Si chiama immunità innata e ha un ruolo chiave nella resistenza ai patogeni, incluso Sars-CoV-2 e le varianti, come Omicron. Questo meccanismo è stato appena scoperto da un team di ricercatori italiani. L’immunità innata, la prima linea di difesa del nostro organismo, risolve il 90% dei problemi causati dal contatto con batteri e virus. Precede e si accompagna all’immunità adattativa, la linea di difesa più specifica, degli anticorpi e delle cellule T, che può essere potenziata con i vaccini. Lo studio è iniziato a marzo 2020, grazie al sostegno di Dolce&Gabbana. I risultati sono stati pubblicati su Nature Immunology da Matteo Stravalaci, ricercatore di Humanitas, e Isabel Pagani, ricercatrice dell’IRCCS Ospedale San Raffaele e da un team di scienziati coordinati dal professor Alberto Mantovani, direttore scientifico di Humanitas e professore emerito Humanitas University, la professoressa Cecilia Garlanda ricercatrice e docente di Humanitas University e la dottoressa Elisa Vicenzi, responsabile dell’Unità di Ricerca in Patogenesi virale e Biosicurezza dell’IRCCS Ospedale San Raffaele. Lo studio ha coinvolto anche Fondazione Toscana Life Science con Rino Rappuoli, l’Istituto di Ricerca in Biomedicina di Bellinzona e la Queen Mary University di Londra in uno sforzo internazionale volto a indagare le molecole presenti nel sangue e nei liquidi biologici e che funzionano come “antenati degli anticorpi” (i cosiddetti Ante-antibody).

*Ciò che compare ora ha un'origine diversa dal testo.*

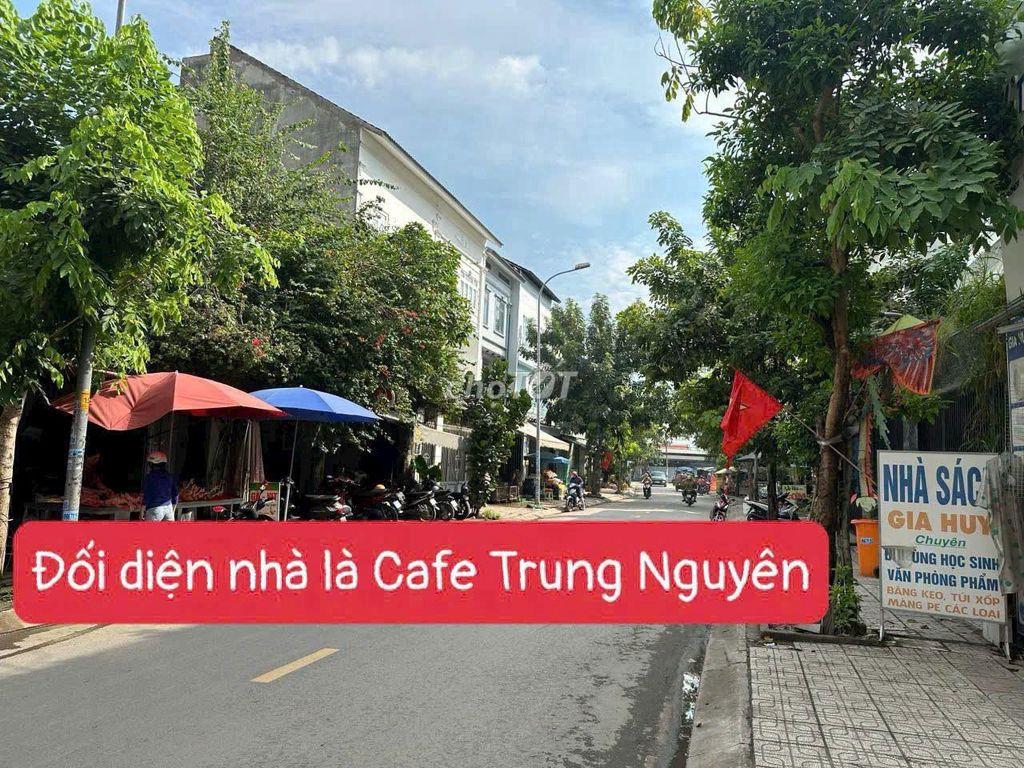 Bán nhà mặt phố 120m2 Đường số 1 Bình Chiểu 4 tầng thang máy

Immunità innata: lo studio
“Anni fa abbiamo individuato alcuni geni che fanno parte di una famiglia di antenati degli anticorpi. Concentrandoci sull’interazione tra questi e SARS-CoV-2, abbiamo scoperto che una di tali molecole dell’immunità innata, chiamata Mannose Binding Lectin (MBL), si lega alla proteina Spike del virus e lo blocca” spiega il professor Alberto Mantovani. “Alla comparsa di Omicron, Sarah Mapelli, ricercatrice bio-informatica di Humanitas, ha esteso subito l’analisi sulla struttura della proteina in collaborazione con il gruppo di Bellinzona, scoprendo che MBL è in grado di vedere e riconoscere anche Omicron, oltre alle varianti classiche del virus come Delta”.
“È risultato che variazioni genetiche di MBL sono associate a gravità di malattia da COVID-19” spiega la professoressa Cecilia Garlanda.
“Ora si tratterà di valutare se questa molecola può fungere da biomarcatore per orientare le scelte dei medici di fronte a manifestazioni così diverse e mutevoli della malattia”.
I ricercatori, inoltre, stanno valutando se MBL può essere un candidato agente preventivo/terapeutico dal momento che è una molecola funzionalmente simile a un anticorpo, cui le varianti del virus, almeno quelle note, non possono sfuggire. Non ci sono ancora dati, invece, sull’interazione tra questo meccanismo protettivo della prima linea di difesa e la risposta immunitaria indotta dai vaccini.